### TASK PROMPT
Set down exactly the lines running from the one with "Mieszkanie Rzeszów sprzedaż" to the last line of the listing below, both included, and skip every picture.

### RECORDS PROVIDED
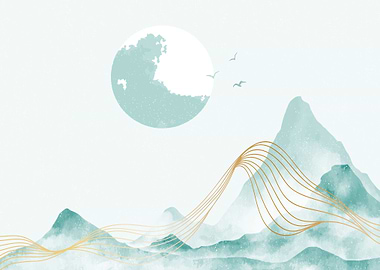 landscape illustration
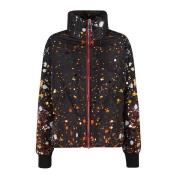 Broderet Moon Fireworks Stilfuld Top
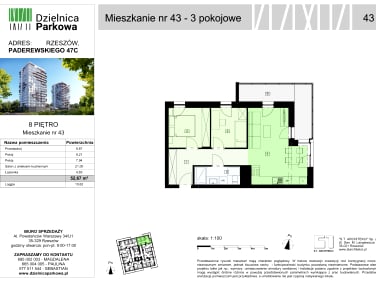 Mieszkanie Rzeszów sprzedaż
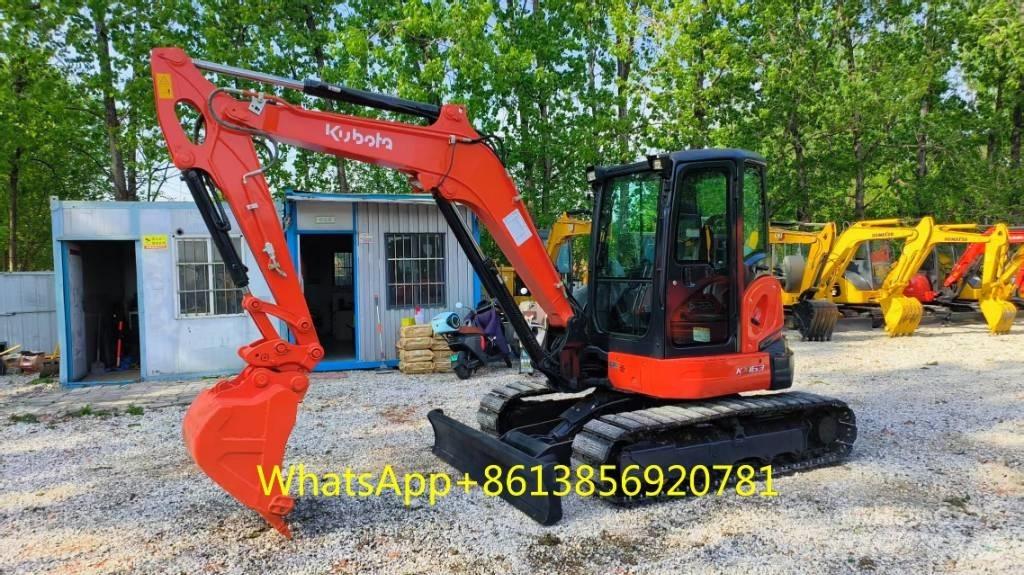 Kubota KX 163 Mini Excavators <7t (Mini Diggers)
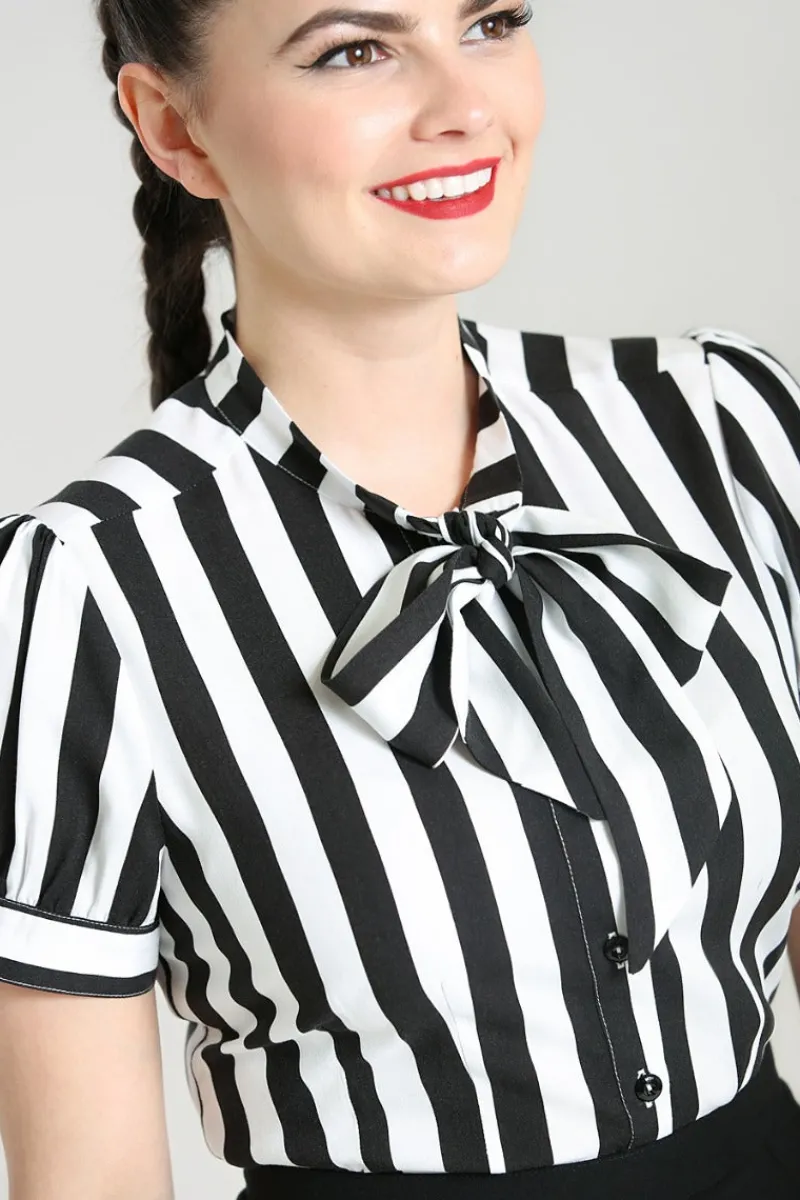 Hell Bunny Tops|Blouses>Juno Blouse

### ANSWER TO THE EXERCISE
 Mieszkanie Rzeszów sprzedaż
 Kubota KX 163 Mini Excavators <7t (Mini Diggers)
 Hell Bunny Tops|Blouses>Juno Blouse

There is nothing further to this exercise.